(Image-text web data)

▼

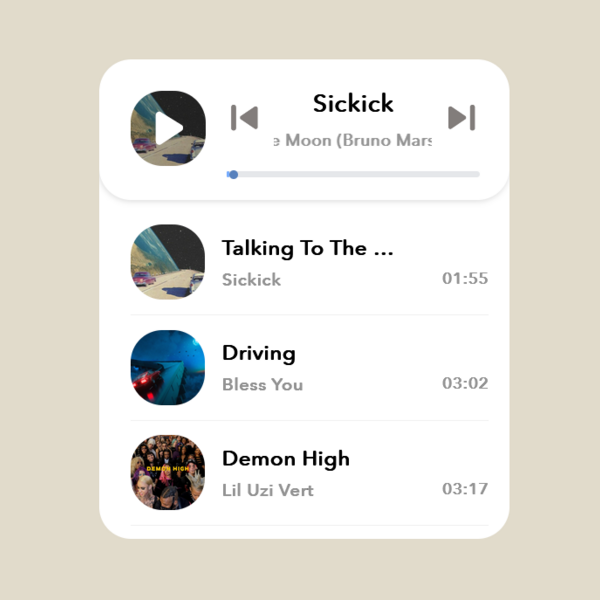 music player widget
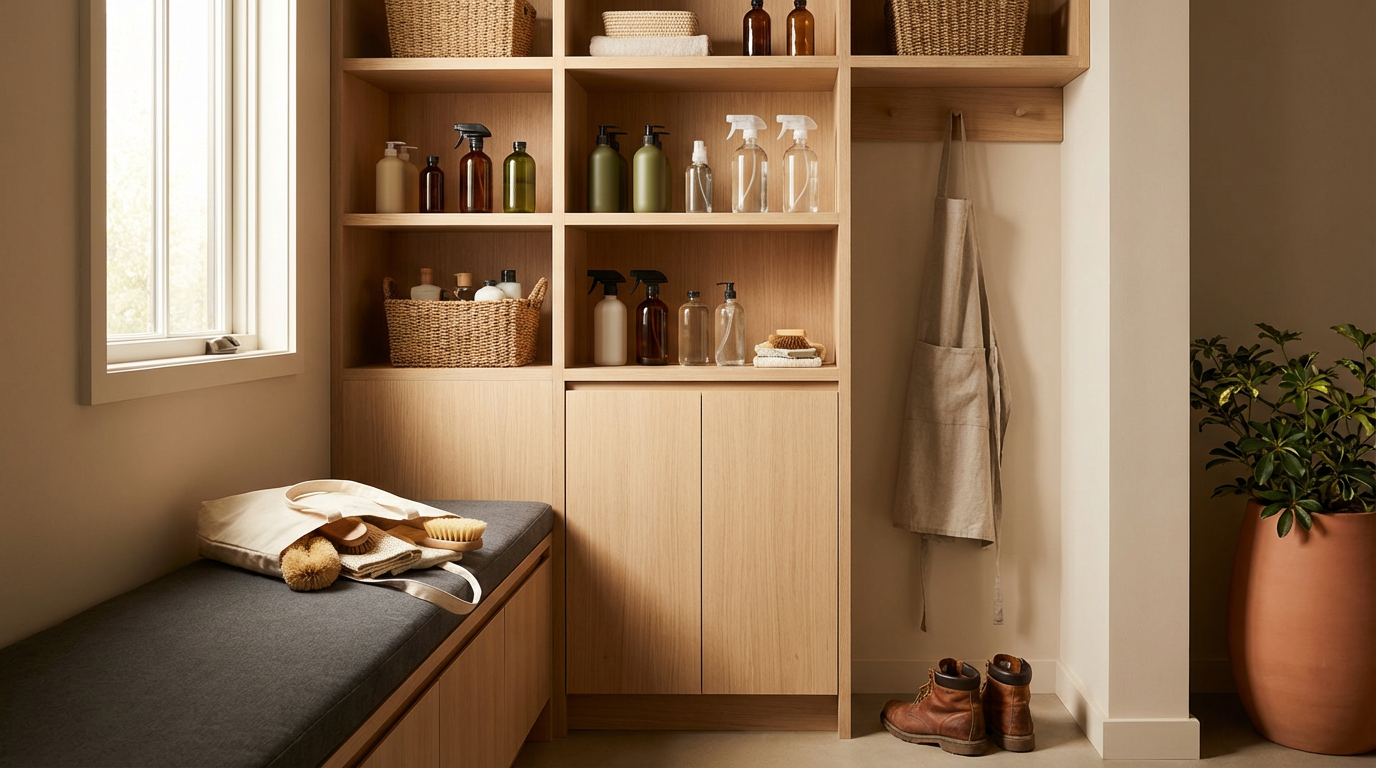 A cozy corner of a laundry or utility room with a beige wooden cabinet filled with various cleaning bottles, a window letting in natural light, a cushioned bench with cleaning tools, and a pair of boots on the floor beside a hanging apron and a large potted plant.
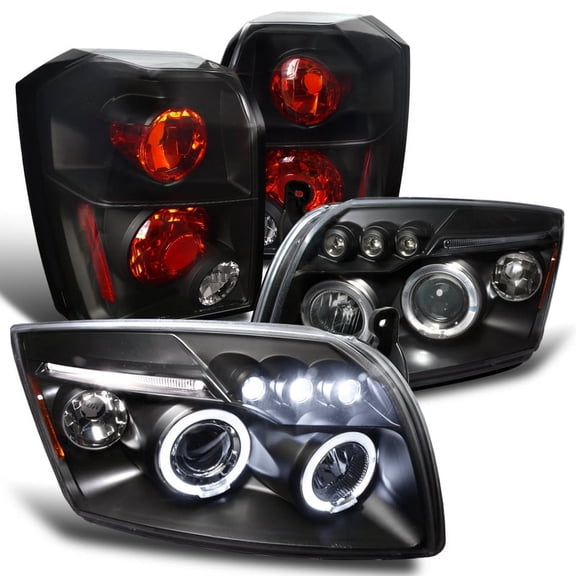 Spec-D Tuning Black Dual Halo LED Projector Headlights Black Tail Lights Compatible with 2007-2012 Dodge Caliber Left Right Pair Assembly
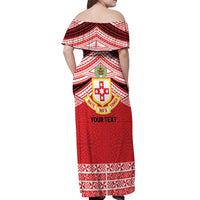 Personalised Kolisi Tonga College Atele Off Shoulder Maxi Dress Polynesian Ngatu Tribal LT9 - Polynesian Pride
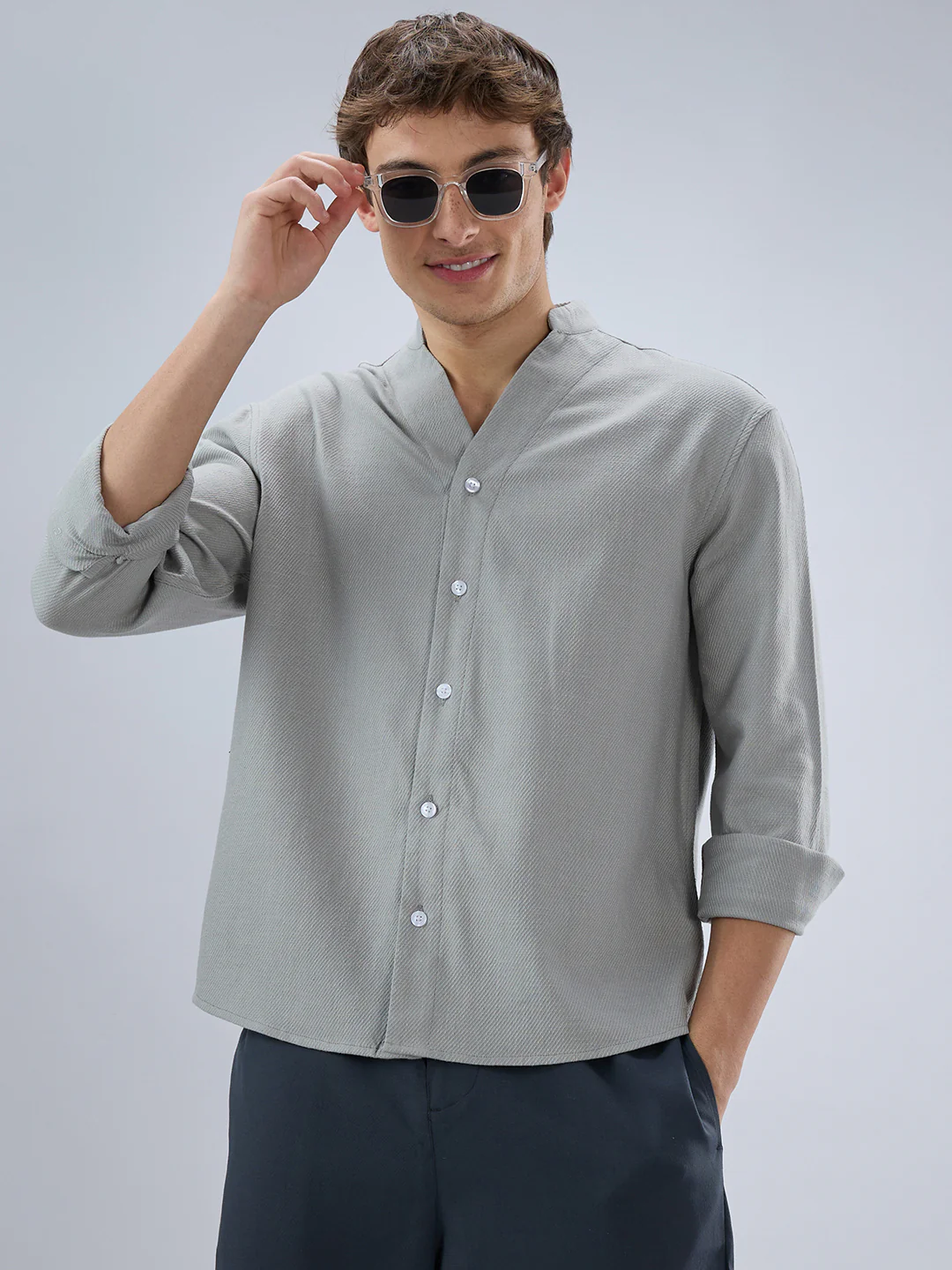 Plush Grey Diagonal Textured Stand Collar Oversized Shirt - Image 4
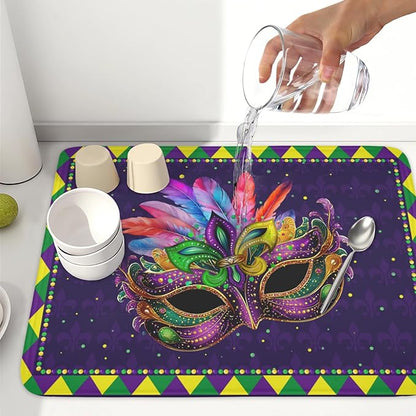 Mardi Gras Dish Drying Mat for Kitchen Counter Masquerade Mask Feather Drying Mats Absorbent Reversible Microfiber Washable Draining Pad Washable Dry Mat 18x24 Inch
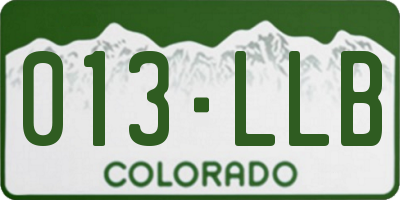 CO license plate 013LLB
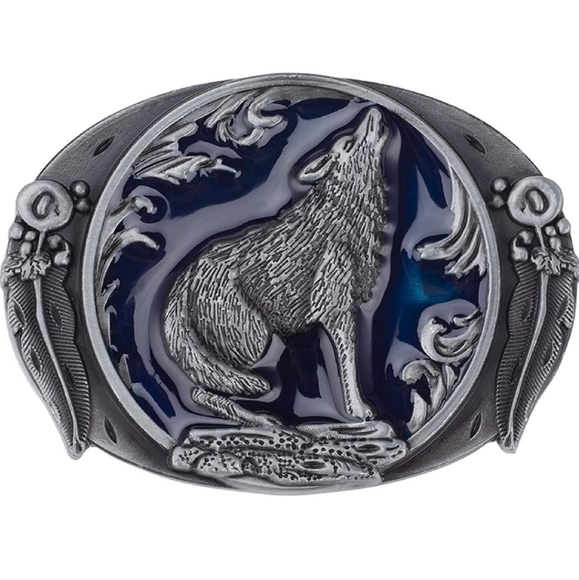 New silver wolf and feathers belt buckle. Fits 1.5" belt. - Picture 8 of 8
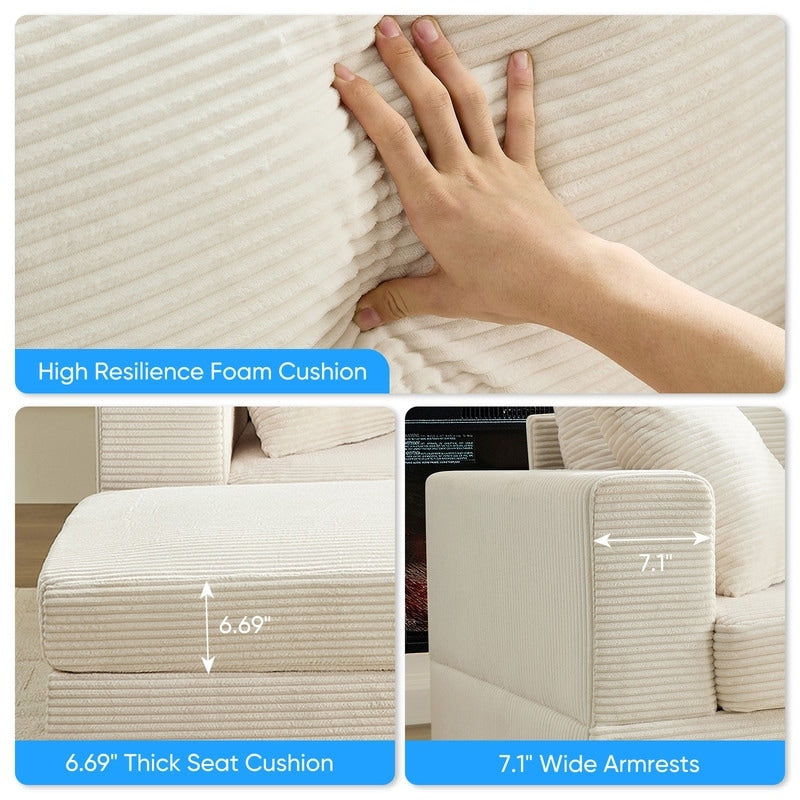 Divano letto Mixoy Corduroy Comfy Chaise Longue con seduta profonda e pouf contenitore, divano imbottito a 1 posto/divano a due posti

▲

◆ **TASK BRIEF**
Pictures are to be left out when the entries above are repeated exactly.

◆ **ANSWER SPACE**
 music player widget
 A cozy corner of a laundry or utility room with a beige wooden cabinet filled with various cleaning bottles, a window letting in natural light, a cushioned bench with cleaning tools, and a pair of boots on the floor beside a hanging apron and a large potted plant.
 Spec-D Tuning Black Dual Halo LED Projector Headlights Black Tail Lights Compatible with 2007-2012 Dodge Caliber Left Right Pair Assembly
 Personalised Kolisi Tonga College Atele Off Shoulder Maxi Dress Polynesian Ngatu Tribal LT9 - Polynesian Pride
 Plush Grey Diagonal Textured Stand Collar Oversized Shirt - Image 4
 Mardi Gras Dish Drying Mat for Kitchen Counter Masquerade Mask Feather Drying Mats Absorbent Reversible Microfiber Washable Draining Pad Washable Dry Mat 18x24 Inch
 CO license plate 013LLB
 New silver wolf and feathers belt buckle. Fits 1.5" belt. - Picture 8 of 8
 Divano letto Mixoy Corduroy Comfy Chaise Longue con seduta profonda e pouf contenitore, divano imbottito a 1 posto/divano a due posti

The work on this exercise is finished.